Notation / Terminology

  • $C^\wedge $ denotes the category of presheaves on C, i.e functors $C^{op}$ to Set.

  • A category is idempotent complete if every morphism $q:X \rightarrow X$ satisfying $$q^2= q $$ factors as $q=g \circ f$ with $f:X \rightarrow Y$ an epimorphism and $g:Y \rightarrow X$ a monomorphism.

  • A functor $F:C \rightarrow C'$ is left-exact if the following category is co-filtered: The category $C^U$, with objects morphisms $f:U \rightarrow F(X)$ for $X \in C$, $f \in Hom_C(U,F(X)$ and morphisms between $f:U \rightarrow F(X)$ and $g:U \rightarrow F(Y)$ consists of $h \in Hom_C(X,Y)$ such that $g = F(h) \circ f$.

Problem

Assume that C is idempotent complete. Prove that the Yoneda Functor $h_c:C \rightarrow C^\wedge$ is left-exact if andonly if C admits finite projective limits.
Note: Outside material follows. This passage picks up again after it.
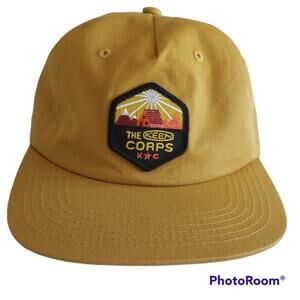Keen Corps Yellow Adjustable Sporty Outdoor Adventure Baseball Cap Hat like NEW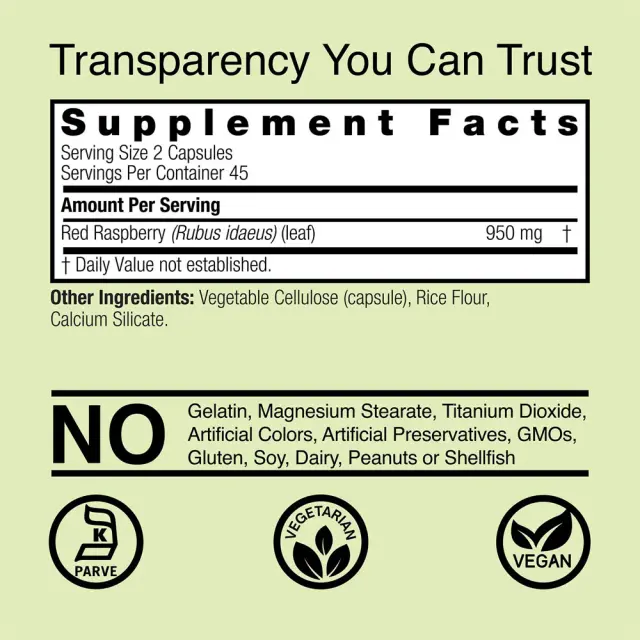 Nature's Answer Red Raspberry 2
OK, my strategy is to prove that C has a terminal object, finite products, and kernels. I have managed to prove that it has a terminal object, by considering the terminal functor of $C^op \rightarrow Set$. However, I haven't been able to show that it admits product, or kernels. Anyone got any ideas on how this can be done? Any hint, solutions, whatever are welcome. Thanks!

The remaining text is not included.